* Working data:
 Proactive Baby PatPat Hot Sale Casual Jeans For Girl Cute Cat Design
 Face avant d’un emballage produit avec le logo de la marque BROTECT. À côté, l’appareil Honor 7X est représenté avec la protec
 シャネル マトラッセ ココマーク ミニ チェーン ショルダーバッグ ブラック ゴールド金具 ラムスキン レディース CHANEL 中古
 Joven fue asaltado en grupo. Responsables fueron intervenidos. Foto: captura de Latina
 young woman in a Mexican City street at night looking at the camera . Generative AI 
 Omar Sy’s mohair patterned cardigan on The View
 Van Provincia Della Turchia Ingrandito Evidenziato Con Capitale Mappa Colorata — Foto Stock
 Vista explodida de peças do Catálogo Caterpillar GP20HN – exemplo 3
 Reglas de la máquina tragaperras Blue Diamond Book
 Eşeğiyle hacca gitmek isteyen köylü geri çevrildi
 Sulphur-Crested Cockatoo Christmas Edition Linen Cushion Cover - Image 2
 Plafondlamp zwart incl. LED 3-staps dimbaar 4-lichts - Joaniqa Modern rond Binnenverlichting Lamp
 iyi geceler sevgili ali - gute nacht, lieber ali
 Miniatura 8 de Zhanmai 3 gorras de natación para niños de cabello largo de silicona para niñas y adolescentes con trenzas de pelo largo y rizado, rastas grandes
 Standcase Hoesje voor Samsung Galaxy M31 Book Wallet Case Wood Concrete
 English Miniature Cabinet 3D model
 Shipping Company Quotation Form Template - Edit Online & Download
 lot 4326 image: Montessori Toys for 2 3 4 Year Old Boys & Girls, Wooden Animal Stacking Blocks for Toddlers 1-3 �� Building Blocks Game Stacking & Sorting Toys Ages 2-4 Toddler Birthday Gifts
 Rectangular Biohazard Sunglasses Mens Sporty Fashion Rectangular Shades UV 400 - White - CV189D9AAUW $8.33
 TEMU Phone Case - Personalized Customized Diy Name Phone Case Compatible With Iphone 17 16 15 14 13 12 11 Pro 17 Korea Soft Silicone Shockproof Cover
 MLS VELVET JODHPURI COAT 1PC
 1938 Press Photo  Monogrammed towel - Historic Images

* Action item: Scan the entries above. Copy each line that has the string "Case".

* Exercise output:
 Standcase Hoesje voor Samsung Galaxy M31 Book Wallet Case Wood Concrete
 TEMU Phone Case - Personalized Customized Diy Name Phone Case Compatible With Iphone 17 16 15 14 13 12 11 Pro 17 Korea Soft Silicone Shockproof Cover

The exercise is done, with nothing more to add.